Au-delà, de cette valorisation de l’action territoriale, il s’agit d’une formidable opportunité pour créer de
la fluidité entre des services organisés en silos et soutenir des démarches collaboratives entre
administrations. À une époque où la bonne gestion des données numériques publiques revêt une
importance croissante pour nos collectivités, la proposition de l’Antic de poursuivre cette démarche41
collective d’ouverture des données publiques permettra aux Communes de mutualiser les ressources,
partager les bonnes pratiques et tisser de nouveaux partenariats.
À ce stade, la totalité des frais inhérents à cette mission d’ingénierie seront pris en charge par l’Antic.
Aussi, il est proposé au Conseil Municipal de permettre à la Ville de participer à cette démarche afin de
soutenir l’Antic dans la réalisation de sa mission « Open Data Pays Basque ». A ce titre, il convient
d’approuver la convention avec l’Antic qui précise les modalités d’intervention de l’association et les
différentes phases de la mission.
Le Conseil Municipal,
Après avoir entendu l’exposé,
Après en avoir délibéré,
Approuve la convention entre la Ville de Boucau et l’Antic qui précise les modalités d’intervention de
l’association et les différentes phases de la mission.
Discussion :
Monsieur le Maire souligne qu’il a proposé la création d’une commission numérique car il est nécessaire
de s’intéresser à ce sujet. Madame Sandrine DARRIGUES et Monsieur Xavier BAYLAC sont administrateurs
à l’Antic et lui-même en est le trésorier.
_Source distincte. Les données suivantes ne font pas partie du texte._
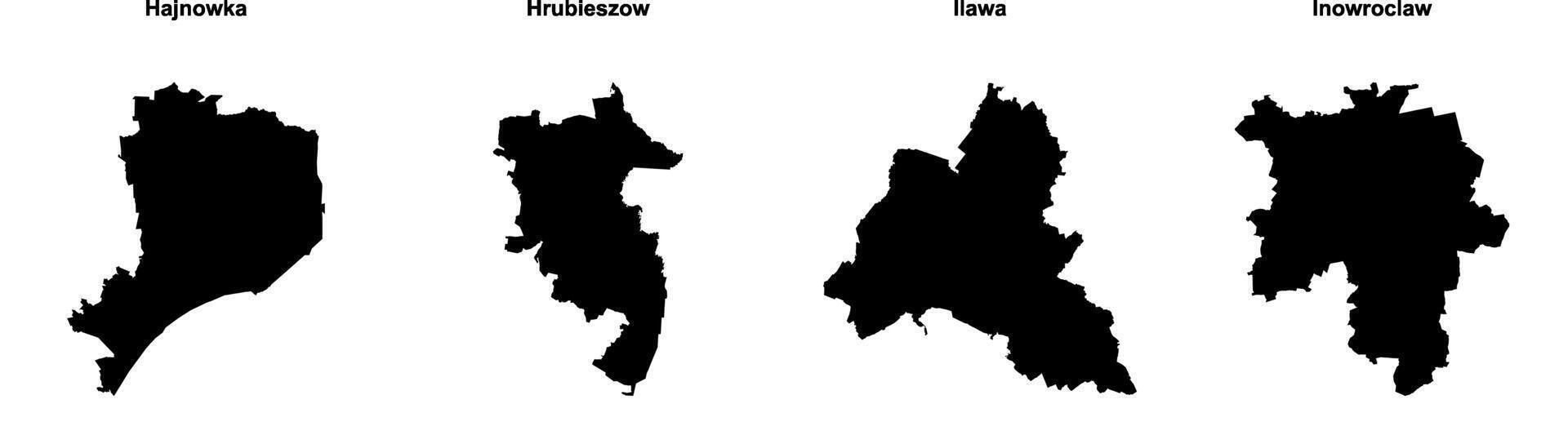 Hajnowka, Hrubieszow, Ilawa, Inowroclaw outline maps vector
La nouvelle responsable du service communication s’est déjà rapprochée de cette association et entretient
des relations régulières. Il s’agit d’un sujet incontournable.
VOTE :
Pour : 29 : unanimité
-15-
Cession de la parcelle AP 289
Autorisation accordée à Monsieur le Maire de signer l’acte notarié
Monsieur Gilles LASSABE, Adjoint, informe le Conseil Municipal que la Commune souhaite vendre la
parcelle AP 289 d’une contenance de 704 m², dont elle est propriétaire, située sur la RD 309. Sur cette
parcelle se trouve un hangar de stockage/rangement utilisé par les services techniques.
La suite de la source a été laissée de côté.